[Collection entries]
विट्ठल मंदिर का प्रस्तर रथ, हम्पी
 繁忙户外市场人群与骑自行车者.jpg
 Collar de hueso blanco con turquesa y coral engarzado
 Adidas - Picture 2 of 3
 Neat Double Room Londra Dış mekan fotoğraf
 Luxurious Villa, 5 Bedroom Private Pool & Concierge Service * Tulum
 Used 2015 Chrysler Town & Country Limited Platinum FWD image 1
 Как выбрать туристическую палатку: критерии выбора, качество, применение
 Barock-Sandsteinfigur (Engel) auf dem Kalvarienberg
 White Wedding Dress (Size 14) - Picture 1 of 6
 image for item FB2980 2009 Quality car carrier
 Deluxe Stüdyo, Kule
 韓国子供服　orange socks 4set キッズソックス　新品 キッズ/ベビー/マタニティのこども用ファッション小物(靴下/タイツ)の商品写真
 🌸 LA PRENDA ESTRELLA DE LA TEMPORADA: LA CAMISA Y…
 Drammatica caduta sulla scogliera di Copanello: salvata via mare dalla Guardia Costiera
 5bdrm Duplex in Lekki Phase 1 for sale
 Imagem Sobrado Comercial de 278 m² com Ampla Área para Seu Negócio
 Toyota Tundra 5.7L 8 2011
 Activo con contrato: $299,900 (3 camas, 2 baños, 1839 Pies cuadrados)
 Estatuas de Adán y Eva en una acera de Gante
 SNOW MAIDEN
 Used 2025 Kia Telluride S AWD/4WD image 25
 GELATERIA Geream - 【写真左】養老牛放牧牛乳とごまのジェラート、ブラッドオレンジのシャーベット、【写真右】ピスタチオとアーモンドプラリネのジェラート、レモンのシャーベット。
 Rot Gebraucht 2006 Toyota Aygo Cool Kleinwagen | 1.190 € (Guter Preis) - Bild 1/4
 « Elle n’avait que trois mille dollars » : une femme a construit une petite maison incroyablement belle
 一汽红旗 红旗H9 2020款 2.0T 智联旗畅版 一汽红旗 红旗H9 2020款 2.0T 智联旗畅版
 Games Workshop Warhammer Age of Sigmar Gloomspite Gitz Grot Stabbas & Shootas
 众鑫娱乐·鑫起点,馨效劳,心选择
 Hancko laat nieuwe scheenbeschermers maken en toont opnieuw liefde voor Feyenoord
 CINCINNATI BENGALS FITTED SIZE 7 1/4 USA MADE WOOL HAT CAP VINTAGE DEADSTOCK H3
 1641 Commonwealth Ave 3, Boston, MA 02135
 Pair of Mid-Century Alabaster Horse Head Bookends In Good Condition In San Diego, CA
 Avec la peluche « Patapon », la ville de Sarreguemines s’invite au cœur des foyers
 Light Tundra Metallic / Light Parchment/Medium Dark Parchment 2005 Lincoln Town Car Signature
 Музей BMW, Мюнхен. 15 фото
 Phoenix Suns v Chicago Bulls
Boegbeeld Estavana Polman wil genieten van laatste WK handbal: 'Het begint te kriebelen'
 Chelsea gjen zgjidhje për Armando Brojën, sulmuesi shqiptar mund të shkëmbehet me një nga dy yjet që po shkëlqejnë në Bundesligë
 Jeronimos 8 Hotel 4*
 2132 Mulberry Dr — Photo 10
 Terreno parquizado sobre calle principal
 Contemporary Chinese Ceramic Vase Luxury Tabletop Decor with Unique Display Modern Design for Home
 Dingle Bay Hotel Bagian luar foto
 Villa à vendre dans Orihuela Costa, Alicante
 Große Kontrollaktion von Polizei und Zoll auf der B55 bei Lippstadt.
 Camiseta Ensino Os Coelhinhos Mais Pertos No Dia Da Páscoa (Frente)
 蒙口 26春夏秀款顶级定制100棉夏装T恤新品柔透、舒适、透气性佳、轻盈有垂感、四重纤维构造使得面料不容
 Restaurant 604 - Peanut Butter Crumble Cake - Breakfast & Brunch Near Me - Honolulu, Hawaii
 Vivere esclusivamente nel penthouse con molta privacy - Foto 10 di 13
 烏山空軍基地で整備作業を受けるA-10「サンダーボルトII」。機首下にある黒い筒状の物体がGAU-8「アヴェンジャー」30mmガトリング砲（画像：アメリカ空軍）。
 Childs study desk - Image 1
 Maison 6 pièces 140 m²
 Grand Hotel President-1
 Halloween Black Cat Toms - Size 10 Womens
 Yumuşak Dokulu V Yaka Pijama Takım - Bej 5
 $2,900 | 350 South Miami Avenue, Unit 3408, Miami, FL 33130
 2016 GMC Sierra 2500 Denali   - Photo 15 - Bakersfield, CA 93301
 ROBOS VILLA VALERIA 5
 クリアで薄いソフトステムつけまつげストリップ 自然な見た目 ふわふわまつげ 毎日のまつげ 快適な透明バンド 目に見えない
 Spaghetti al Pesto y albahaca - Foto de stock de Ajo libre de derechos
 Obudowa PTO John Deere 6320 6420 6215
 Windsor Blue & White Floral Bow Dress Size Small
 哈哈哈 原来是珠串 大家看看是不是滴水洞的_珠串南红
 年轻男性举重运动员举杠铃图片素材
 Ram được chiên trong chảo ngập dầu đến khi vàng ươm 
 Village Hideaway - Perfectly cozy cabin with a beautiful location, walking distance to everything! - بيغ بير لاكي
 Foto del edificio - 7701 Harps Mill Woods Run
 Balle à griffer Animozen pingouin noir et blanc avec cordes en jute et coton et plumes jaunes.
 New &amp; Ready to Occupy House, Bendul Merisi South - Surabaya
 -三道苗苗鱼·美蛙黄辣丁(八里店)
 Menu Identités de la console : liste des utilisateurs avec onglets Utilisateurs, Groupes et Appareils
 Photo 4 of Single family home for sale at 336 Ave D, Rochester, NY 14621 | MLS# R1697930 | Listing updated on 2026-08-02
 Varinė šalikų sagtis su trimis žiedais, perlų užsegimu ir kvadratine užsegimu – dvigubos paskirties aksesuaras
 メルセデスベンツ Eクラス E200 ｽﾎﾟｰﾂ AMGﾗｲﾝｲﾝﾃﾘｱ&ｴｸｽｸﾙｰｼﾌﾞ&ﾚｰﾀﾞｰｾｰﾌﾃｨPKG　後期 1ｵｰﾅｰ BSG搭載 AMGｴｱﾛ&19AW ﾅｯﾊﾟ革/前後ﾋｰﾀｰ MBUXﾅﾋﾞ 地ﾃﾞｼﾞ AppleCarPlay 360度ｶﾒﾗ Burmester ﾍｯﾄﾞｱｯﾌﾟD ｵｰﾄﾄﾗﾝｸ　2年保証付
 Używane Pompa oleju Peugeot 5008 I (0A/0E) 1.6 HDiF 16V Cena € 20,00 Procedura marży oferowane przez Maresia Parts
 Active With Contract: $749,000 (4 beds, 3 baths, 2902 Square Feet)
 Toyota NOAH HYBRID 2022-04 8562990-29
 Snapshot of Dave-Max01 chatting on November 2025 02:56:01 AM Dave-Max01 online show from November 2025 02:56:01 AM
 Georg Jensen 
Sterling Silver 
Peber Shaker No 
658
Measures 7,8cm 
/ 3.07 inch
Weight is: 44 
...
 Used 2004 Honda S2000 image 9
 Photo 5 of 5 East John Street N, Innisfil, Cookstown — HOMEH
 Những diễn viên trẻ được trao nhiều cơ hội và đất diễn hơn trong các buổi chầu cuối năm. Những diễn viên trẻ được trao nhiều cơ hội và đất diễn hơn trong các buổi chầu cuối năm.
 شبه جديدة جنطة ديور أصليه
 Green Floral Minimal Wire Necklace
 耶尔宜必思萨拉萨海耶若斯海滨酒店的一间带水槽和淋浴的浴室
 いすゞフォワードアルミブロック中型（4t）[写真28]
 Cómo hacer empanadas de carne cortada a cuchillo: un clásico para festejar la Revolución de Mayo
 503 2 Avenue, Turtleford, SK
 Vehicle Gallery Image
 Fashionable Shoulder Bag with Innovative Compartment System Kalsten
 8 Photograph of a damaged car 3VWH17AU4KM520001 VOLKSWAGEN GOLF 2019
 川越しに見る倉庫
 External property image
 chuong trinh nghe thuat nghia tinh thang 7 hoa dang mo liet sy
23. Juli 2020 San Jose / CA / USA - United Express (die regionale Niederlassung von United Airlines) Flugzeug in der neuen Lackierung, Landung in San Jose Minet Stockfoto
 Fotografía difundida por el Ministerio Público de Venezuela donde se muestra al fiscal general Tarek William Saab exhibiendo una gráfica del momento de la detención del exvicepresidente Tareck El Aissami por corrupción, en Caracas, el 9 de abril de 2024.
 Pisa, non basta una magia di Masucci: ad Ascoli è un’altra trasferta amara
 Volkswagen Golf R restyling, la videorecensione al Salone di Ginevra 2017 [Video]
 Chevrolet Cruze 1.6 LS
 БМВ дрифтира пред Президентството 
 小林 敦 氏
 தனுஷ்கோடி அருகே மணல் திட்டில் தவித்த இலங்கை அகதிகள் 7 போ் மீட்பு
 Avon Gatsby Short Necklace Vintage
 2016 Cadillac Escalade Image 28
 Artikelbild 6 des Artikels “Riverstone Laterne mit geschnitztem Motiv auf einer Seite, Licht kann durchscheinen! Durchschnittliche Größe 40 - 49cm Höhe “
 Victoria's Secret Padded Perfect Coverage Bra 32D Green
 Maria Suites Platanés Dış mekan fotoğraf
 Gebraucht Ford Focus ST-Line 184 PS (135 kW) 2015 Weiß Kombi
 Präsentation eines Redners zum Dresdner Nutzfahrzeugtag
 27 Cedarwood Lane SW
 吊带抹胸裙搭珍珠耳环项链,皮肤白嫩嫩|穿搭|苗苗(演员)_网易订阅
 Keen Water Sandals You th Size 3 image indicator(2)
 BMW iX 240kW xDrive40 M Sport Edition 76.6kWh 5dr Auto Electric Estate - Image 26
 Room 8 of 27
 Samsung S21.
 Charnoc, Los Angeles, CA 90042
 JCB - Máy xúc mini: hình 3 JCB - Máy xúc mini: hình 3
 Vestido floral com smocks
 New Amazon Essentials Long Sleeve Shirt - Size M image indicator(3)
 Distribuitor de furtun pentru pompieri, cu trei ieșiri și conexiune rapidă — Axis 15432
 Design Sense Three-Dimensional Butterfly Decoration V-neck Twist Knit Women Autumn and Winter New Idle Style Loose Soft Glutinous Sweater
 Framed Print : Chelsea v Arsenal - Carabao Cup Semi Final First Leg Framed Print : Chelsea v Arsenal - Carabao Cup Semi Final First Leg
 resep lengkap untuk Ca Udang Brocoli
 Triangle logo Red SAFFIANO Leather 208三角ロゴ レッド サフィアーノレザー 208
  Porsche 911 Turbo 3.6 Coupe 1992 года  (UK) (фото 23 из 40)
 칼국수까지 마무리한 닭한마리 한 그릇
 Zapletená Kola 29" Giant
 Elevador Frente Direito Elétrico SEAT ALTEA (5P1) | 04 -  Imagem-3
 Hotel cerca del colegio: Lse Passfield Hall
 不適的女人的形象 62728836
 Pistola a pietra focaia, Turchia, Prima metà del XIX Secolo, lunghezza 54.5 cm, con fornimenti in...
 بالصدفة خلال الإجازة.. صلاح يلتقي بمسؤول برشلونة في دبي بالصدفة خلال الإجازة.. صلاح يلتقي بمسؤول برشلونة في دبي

_What you have to do_. Although the records may continue, retype only the lines from the first one through the one containing "Used 2015 Chrysler", exactly as they appear.

_Response to this task_.
विट्ठल मंदिर का प्रस्तर रथ, हम्पी
 繁忙户外市场人群与骑自行车者.jpg
 Collar de hueso blanco con turquesa y coral engarzado
 Adidas - Picture 2 of 3
 Neat Double Room Londra Dış mekan fotoğraf
 Luxurious Villa, 5 Bedroom Private Pool & Concierge Service * Tulum
 Used 2015 Chrysler Town & Country Limited Platinum FWD image 1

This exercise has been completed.